Ochs und Esel dürfen bei einer Krippe nicht fehlen, sie gehören einfach dazu. Dabei werden in der Bibel gar keine Tiere an der Krippe erwähnt. Eine Spurensuche von Martin M. Lintner.
Ebenso die Schafe und bei vielen Krippen auch die Dromedare oder Elefanten der Weisen aus dem Morgenland! Obwohl der Evangelist Lukas, der die Geburt Jesu in Betlehem überliefert, mit keinem Wort irgendeines dieser Tiere erwähnt. Bei den Schafen ist es leicht verständlich, dass sie ihren Platz bei der Krippe gefunden haben, weil ja von den Hirten die Rede ist, die bei ihren Herden Nachtwache hielten. Aber Ochs und Esel und die anderen Tiere?

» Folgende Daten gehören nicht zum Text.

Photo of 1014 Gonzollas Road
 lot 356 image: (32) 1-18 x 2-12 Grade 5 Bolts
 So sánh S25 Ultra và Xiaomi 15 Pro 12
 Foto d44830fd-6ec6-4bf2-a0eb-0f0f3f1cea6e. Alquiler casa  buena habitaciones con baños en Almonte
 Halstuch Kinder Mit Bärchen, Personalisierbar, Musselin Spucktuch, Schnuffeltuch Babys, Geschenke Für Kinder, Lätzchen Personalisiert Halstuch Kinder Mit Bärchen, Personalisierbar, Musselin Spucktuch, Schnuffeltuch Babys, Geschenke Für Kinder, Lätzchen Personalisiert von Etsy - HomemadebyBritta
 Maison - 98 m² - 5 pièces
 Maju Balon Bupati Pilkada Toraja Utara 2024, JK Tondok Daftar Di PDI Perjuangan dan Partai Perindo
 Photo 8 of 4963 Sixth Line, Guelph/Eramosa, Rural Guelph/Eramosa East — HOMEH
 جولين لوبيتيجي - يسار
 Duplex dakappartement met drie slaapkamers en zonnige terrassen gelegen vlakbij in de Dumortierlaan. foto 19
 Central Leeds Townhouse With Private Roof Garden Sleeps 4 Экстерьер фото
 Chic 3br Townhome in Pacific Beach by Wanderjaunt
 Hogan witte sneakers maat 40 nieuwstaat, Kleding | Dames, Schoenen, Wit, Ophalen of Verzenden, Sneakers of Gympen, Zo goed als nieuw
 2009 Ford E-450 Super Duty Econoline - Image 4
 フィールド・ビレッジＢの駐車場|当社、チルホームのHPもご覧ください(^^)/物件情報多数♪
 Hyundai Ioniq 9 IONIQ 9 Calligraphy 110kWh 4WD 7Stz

Bereits in der frühchristlichen Zeit wurden an der Krippe ein Ochse und ein Esel dargestellt, und zwar noch vor Maria und Josef. Der Hintergrund ist ein theologischer und hat mit der Vorstellung einer „Stall-Idylle“, wo Ochs und Esel in einer kalten Winternacht das Jesuskind mit ihrem Atem wärmen, nichts zu tun. Beim Propheten Jesaja findet sich folgender Vers: „Der Ochse kennt seinen Besitzer und der Esel die Krippe seines Herrn; Israel aber hat keine Erkenntnis“ (Jes 1,3). Die Kirchenväter haben ausgehend von diesem Vers die Frage erörtert, ob die Menschen Jesus Christus als ihren Herrn erkennen und annehmen. Sie haben den Esel sinnbildlich als Symbol für die Heidenvölker und den Ochsen für das Volk Israel verstanden. Diese beiden Tiere vergegenwärtigen an der Krippe also alle Völker und machen deutlich, dass Christus der Erlöser aller Menschen ist: des jüdischen Volkes ebenso wie der heidnischen Völker. Nachdem die erwähnte Jesaja-Stelle im ursprünglichen Kontext Ausdruck der Kritik am damaligen Volk Israel war, uneinsichtig zu sein und sich von Gott abgewandt zu haben, werden Ochs und Esel an der Krippe auch als Mahnung verstanden, sich nicht törichter zu verhalten als diese beiden Tiere, sondern im neugeborenen Kind von Betlehem den Erlöser der Welt anzuerkennen und anzubeten. Ausdrücklich wird diese Verbindung im sogenannten Pseudo-Matthäus hergestellt, einer nichtkanonischen Schrift aus dem 6./7. Jahrhundert. Dort heißt es in den Marienlegenden, die die Kindheit Jesu beinhalten: „Am dritten Tag nach der Geburt des Herrn verließ Maria die Höhle und ging in einen Stall. Sie legte den Knaben in eine Krippe; Ochs und Esel huldigten ihm. Da ging in Erfüllung, was der Prophet Jesaja gesagt hatte: Es kennt der Ochse seinen Besitzer und der Esel die Krippe seines Herrn.“[1]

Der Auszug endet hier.